I cringed, forcing my tired stems to carry me to the washroom. Time to begin the transformation from hungry garden gnome to paparazzi-ready-tagalong. I was in no mood for this; and my energy level reflected that perfectly.

Not 5 minutes past, the noise of Eva palm-banging down my door shook the room. “Chica, mamacita, open the door, I know you’re in there!” She must have been calling from my downstairs parking lot just moments ago. 

“Woman you’re driving me crazy,” I muttered, opening the door.

She was standing there smiling, looking fabulous as always. “Yaaaaaay,” she sacked me with a line-drive hug straight to the jugular. I rolled my eyes as she bounced, not letting go of her one-sided embrace.

Eva slowed down, finally putting her hands against my shoulders. She pushed back so she could look at my face, “I knew I could count on you.”

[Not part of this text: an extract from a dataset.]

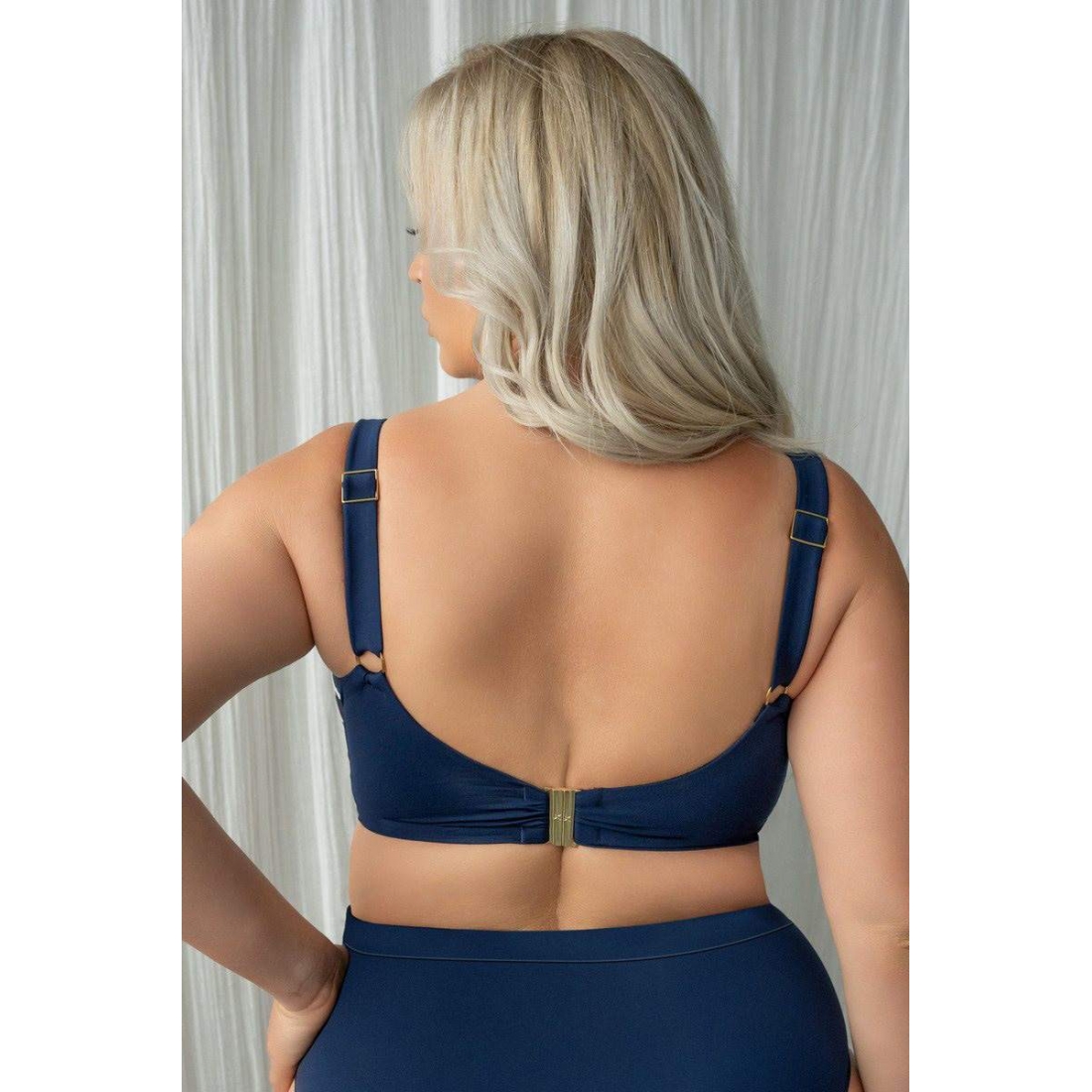 CALIFORNIA NAVY BLUE Softfullcup Бюст купальный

“I know you’d do the same for me,” I lamented, this time with love. I pulled her in for a deeper hug.
She sunk into my arms, deflating quickly through leaky fractures in her usually rock solid self-assured exterior. I could tell she hadn’t felt emotionally safe in awhile. She’d been through a lot, and most of it was on the public display platter. Everyone had an opinion, welcome or not, and most weren’t so nice. Not that she’d been a saint in it all, but she wasn’t the abuser. He was, and a really good actor to cover it up, too.

“Let’s go,” she abruptly detonated back into the strong Eva I knew so well, grabbed my hand and pulled us out of the hug.

“Hold-on,” I retracted, snatching my clutch of the kitchen counter, and followed her out into the hallway towards the elevators to the ground floor.

En route to Eva’s car, we walked by David, my adoringly nosey concierge, who per usual was manning his desk. He looked up, eyes bulging, “Ohhh my man meat, Mademoiselles’, I swear you tempt me straight – naughty little divas, where are you off to this evening?” His hand flared up through the air conditioned air.

“You think you could handle this?” Loving the attention Eva swooshed her hands down her hourglass figure, kicked up her right foot and threw back her long hair.

Honey…, – if I can handle ‘Mr. You Know Whoooo’…,” his excitement ballooned pointing up towards the the direction of Penthouse 1401; the one was where Mr. Sugar Daddy resided. “Well, let’s just say I’d make some memories happen for you too,…girl.” He shifted his finger to point directly at her, his other hand landing flamboyantly on his hip.

“Ayyyy dios mío, Señor,” she fanned herself like a Geisha, “why go out when we can have it all here in Layla’s front doorway?”

“I couldn’t agree more – let’s stay home!” I retorted.

“Not a chance.” She laughed pushing me along towards the door.

“See you later David,” I dragged, “– enjoy your evening! Make sure GQ is taking care of you. You deserve the best!”

“But of course he is,” he flashed us a fancy watch that must’ve been a recent gift. “Night gals!”

“Beautiful watch!” Eva exclaimed over her shoulder.

“Isn’t it though?” He admired it lovingly.

“Night David,” we said in unison heading out the door towards our L.A. limelight night.